Author and colleagues have designed RCT in order to overcome the severe limitation of STAR trial in order to enroll UAS recipients regardless of their response. Despite this strength, there are some concerns that you have to handle, which, I believe, will improve the readability of this study.

Major

  1. Many readers are interested in the response rate when the responder is defined not only as AHI<15/h, but also as AHI<10/h or AHI<5/h. It should be easy to show these data at the authors' institution.

 

Response: We have added response rate using AHI < 10 or 5/h in the result section as the reviewer recommended.

Primary Endpoint 1 Sensitivity: Comparison of proportions with AHI <= 10 and 5 by randomization group at Visit 2

 

Endpoint

Treatment 1

Treatment 2

AHI <= 10 (ITT)

51.1% (23/45)

15.9% (7/44)

AHI <= 5 (ITT)

35.6% (16/45)

0.0% (0/44)

 

 

  1. Result (Table2) Why don't you present data on arousal index and sleep architecture? Many readers are interested not only in changes in ahi, but also in the effects of UAS on arousal threshold and sleep architecture. It should be easy to show these data at the authors' institution.,

 

Response: We would like to thank the reviewer for this valuable comment. We already provided this data in the supplemental material.

 

 

  1. Discussion (paragraph 3), Conclusions(Line 4) In recent years, REM-related OSA and NREM-related OSA have been recognized as clinically important OSA phenotypes. In addition, the diagnostic criteria for these clinical phenotypes have been largely established. Therefore, it is highly problematic to assume that UAS affects these clinical phenotypes based solely on changes in AHI during REM and non-REM sleep. Please review your data based on previously reported definitions of REM-related OSA and NREM-related OSA. It should be easy to show these data at the authors' institution.

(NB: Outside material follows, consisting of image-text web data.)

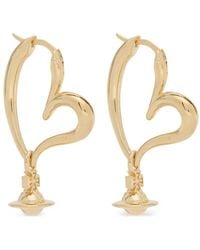 Vivienne Westwood - Emily Heart-Hoop Earrings - Lyst
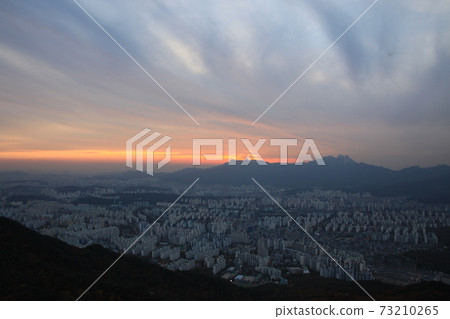 Bukhansan, sunset, Bulamsan, Nowon-gu, Gangbuk-gu 73210265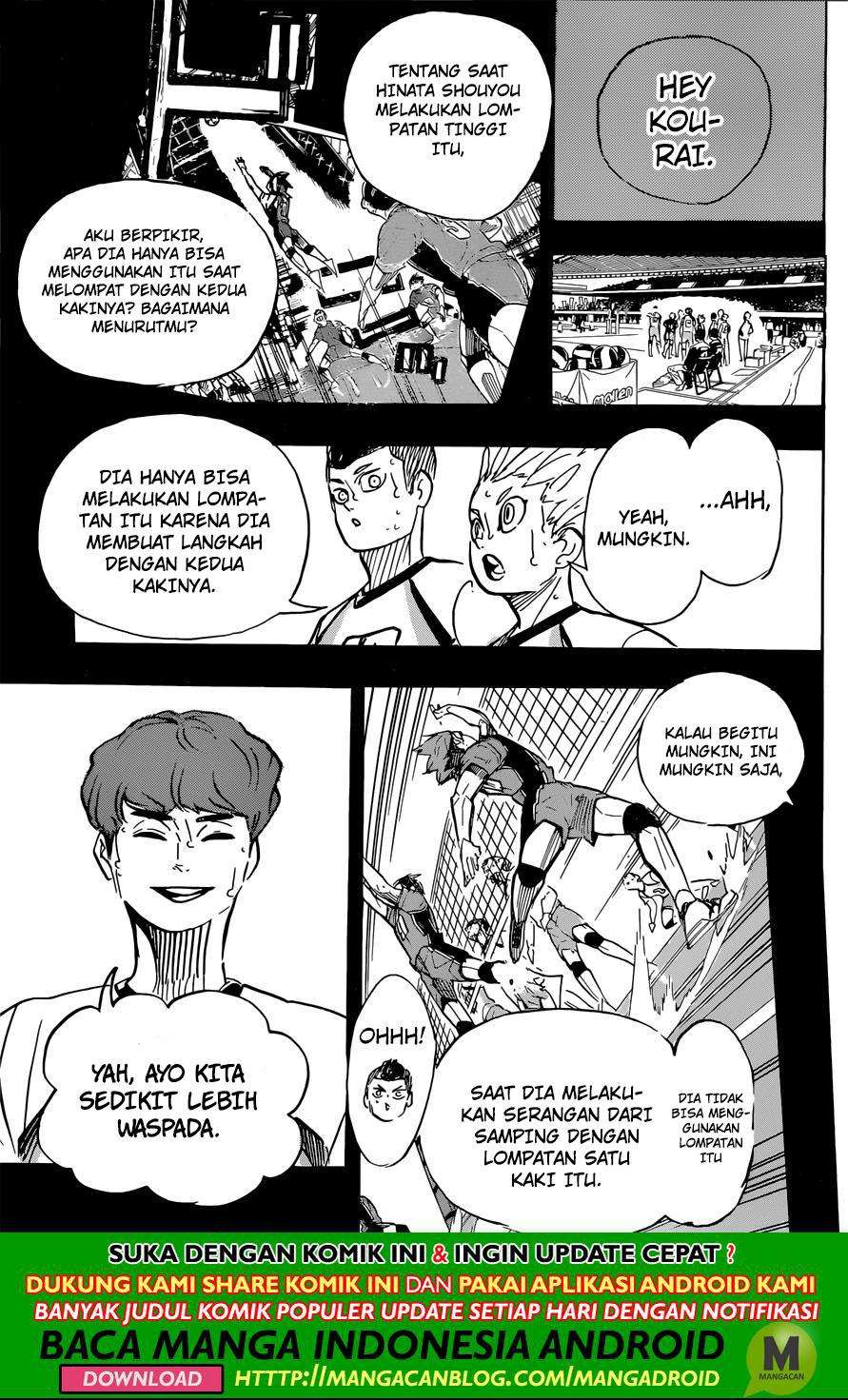 Haikyuu!! Chapter 360 - halaman 7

Response: REM-related OSA is an important predictor of cardiovascular risk. We agree with the reviewer that comprehensive phenotype analysis is warranted besides AHI. As the current study focuses on AHI and ESS as the primary outcome measures, we need to review source sleep study reports to analyze REM-related parameters, and plan to include it in a separate report. As a result, we have removed the REM-related sleep disordered breathing statement from the conclusion of the current report.    

Round 2

Reviewer 3 Report

The content of the manuscript has been greatly improved, but there are still several areas that require minor revision. 1.Table S1 N1, N2, N3, REM, NREM, wake should be expressed as a percentage of TST, so that the comparison between stim and sham will be clearer. 2.Table S1 Is sleep efficiency being calculated correctly? Sleep efficiency in Stim and Sham are too low. As we know, Sleep efficiency is the percentage of time spent asleep while in bed.

Author Response

We would like to thank the reviewer for the valuable comments and kindly response to them. We highly appreciate the feedback:

  • With table 1 the differences should be expressed and its CI to make the table congruent. For us it seems to be more clearly to the reader.
  • Yes, sleep efficiency is calculated correctly. Again it shows the differences and not the numbers... 

Hopefully this helped to clarify the comments and we are looking forward to your response.